Indochine ou le syndrome Johnny Hallyday
Vu hier soir, le concert du groupe Indochine au Zénith de Lille.
J'ai vu plusieurs fois Indochine en concert, mais aujourd'hui on peut dire qu'il y aura un avant et un après Stade De France (d'ailleurs, on était le... 12 septembre).
Je m'explique : le groupe a obtenu une ferveur populaire impressionnante depuis plusieurs années et maintenant, une fois le Stade De France accompli, il règne comme une ritualisation sacrée, hystérique et festive autour du groupe, qui le conduit finalement à endosser l'habit lumineux de la superstar (l'être parfait, en super forme, etc.) et à adopter les codes qui vont avec : animation énergique, propos entendus, culte de la personnalité, visuels impressionnants de démesure... le bonheur du fan de la superstar n'a pas de prix (humain et matériel). Indochine est devenu Johnny Hallyday. Qui l'eût cru ? C'était bien la peine.

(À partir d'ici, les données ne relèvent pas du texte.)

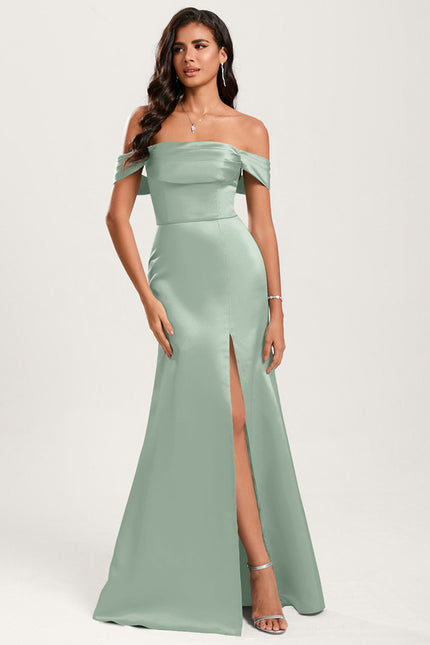 Robe Chic Satinée Vert Pâle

Premier constat de ce statut d'icône historique nouveau :
les T-shirts "J'y étais" achetés au SDF et arborés avec fierté, genre : "J'ai vécu un moment historique et pas toi". Ce "j'y étais" a la même valeur intrinsèque que le "j'y étais" aux Bains Douches de Joy Division, au Altamont des Stones, au Vegas de Johnny (on a les "j'y étais" qu'on mérite), au Zénith de Ségolène Royal ("j'y étais" d'or), etc.
Deuxième constat :
a) l'ambiance "fête à neuneu" : on agite les bras de gauche à droite (mais c'est le chanteur qui le fait le mieux), le sentiment de fraternité délirante (j'ai entendu un mec hurler "Nico t'es mon frère !!!"... quel provocateur ce Christophe Sirkis), les hurlements de bovin(e)s en toute circonstance, la dimension "karaoké géant" (tout le monde chante, tout le temps, sans répit, pas moyen d'écouter l'interprétation du chanteur), etc.

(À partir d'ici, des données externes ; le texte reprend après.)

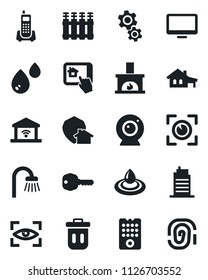 Set of vector isolated black icon - office phone vector, monitor, house with garage, key, bathroom, fireplace, city, remote control, web camera, home app, gear, water, radiator, gate, eye scan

Bon, en s'exclamant "putain" toutes les deux prises de parole, Nicola Sirkis nous rappelle qu'on n'est pas à la fête à neuneu mais à un concert de rock, ouf !
b) l'ambiance "Oh putain y'a la télé !!!" : un caméraman et un preneur de son ont arpenté les gradins, provoquant l'hystérie sur leur passage (et au-delà), réussissant l'exploit de monopoliser l'attention ahurie des milliers de fans décidés à montrer la ferveur unique qui les caractérise. Une fois rentrés chez eux, ils ont dû penser, en regardant le reportage sur France 3 : "Oh putain, on me voit pas, il a pas cadré assez grand" (un peu comme quand Emmanuelle Béart regarde ses films en DVD).
On n'a peut-être pas les beaufs qu'on mérite, mais quand on est une superstar, le tri sélectif n'est plus possible, il n'existe pas (comme chez moi).
Indochine est victime de son succès, Indochine a un public de stade, j'espère qu'ils en resteront au stade des préliminaires, parce que sinon ça va être un carnage.
Bon, à part ça, c'était bien, comme d'habitude.
Si Nicola pouvait apprendre à jouer "Juste toi et moi" en entier, ce serait encore mieux.